STORY – Like its predecessor Cowboy Bebop, Samurai Champloo is a very episodic series, and it’s perfectly safe to miss a few episodes here or there. Even the overarching story remains incredibly vague for almost the entirety of the series and the audience is sometimes left to wonder if there really is a point to all of that searching when they knew virtually nothing to begin with. There’s something about the lack of details that makes this story appealing though — it never seems that important, so you just continue along, but deep in the back of your head, you remain curious about it. So it’s the perfect situation; there’s immediate gratification within each mostly-standalone episode, but there’s also the thread that ties all of those little adventures together, and in the end, there is an ending.
CHARACTER – As with many other slice-of-life or episodic series, much of the entertainment relies on the characters, and herein is a very strong point for the series. All three of our protagonists are rich, interesting characters with backstories that don’t seem to clash with their general personalities.
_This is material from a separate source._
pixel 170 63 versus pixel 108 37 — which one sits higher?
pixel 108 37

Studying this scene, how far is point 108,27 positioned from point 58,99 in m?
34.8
As strangers that all met coincidentally in the first episode, their histories are gradually revealed throughout the course of the series in a perfectly paced, even casual way. Though this involves a bunch of chance encounters with figures from their respective pasts, none of them ever really seem to intrude upon the story for the sole purpose of explaining things, which is great. And their stories all actually do contribute to their personalities as a whole, making them all fully-rounded characters with an enjoyable amount of depth to them.
The characters also really contribute to the sometimes satirical nature of the series. Jin could be, at first glance, your stereotypical samurai. Or maybe he really just is, but the fact that they poke fun at him for it makes his whole stance all the more questionable. Mugen is just ridiculous; after all, his fighting technique is rooted in break dancing. And Fuu… well, I suppose Fuu is the least notable of them all, though I sort of feel like I can conclude her a mockery of typical women in samurai anime if I’d seen more samurai anime. Even given the normalcy of her character, she has enough emotion and perseverance to keep her from being called flat.
ARTSTYLE & ARTWORK – Given the time period of the series and all the anachronistic elements, Champloo’s art style is very fun and unique. The opening and ending sequences are a great example already. The blending of modern ideas with such a traditional setting is brilliant and very interesting to see. One of the best examples within the series would probably be the graffiti episodes, where yes, there’s totally a town in feudal Japan with a street graffiti problem and two rival gangs that won’t stop tagging everything. The animation itself is of good quality throughout and it’s definitely an aesthetically pleasing series.
MUSIC – Yoko Kanno once again demonstrates her musical prowess by tackling genres others generally don’t and mixing them all together. It never ceases to amaze me just what kind of eclectic ensemble the woman comes up with. The music in Champloo suits it perfectly with its clash of ancient and modern, traditional Japanese folk music and present-day hip hop. The opening and ending themes are also wonderfully appropriate to many aspects of the series.
VOICE ACTING – I’ve seen both the sub and dub, and I must say, both are quite excellent. While I wouldn’t necessarily venture to say that the dub is better than the sub (as was certainly the case with Bebop), it definitely stands on at least the same level. Dub-wise, it might have been the easy choice to cast Steve Blum as Mugen, considering Spike Spiegel and Mugen not only had similar personalities, but also looked similar, but damn, the man sure does the job well. (Admission of bias: I love Steve Blum’s voice.) Jin’s and Fuu’s English voices were also quite awesome and actually sounded rather similar to their Japanese counterparts. The characters introduced in each episode also maintained above average voices for the most part, with appropriately sinister voices for the sinister and bumbling voices for the bumbling. All expressed emotion well and were generally convincing all around.
OVERALL – Samurai Champloo was a very fun series. Almost all the episodes were excellent in themselves with a great story, as well as great technical aspects. But the overarching story, when it finally did come together in the end, was actually really nice too. And simple as the ending was, I liked it, was satisfied, and thought it was worth it.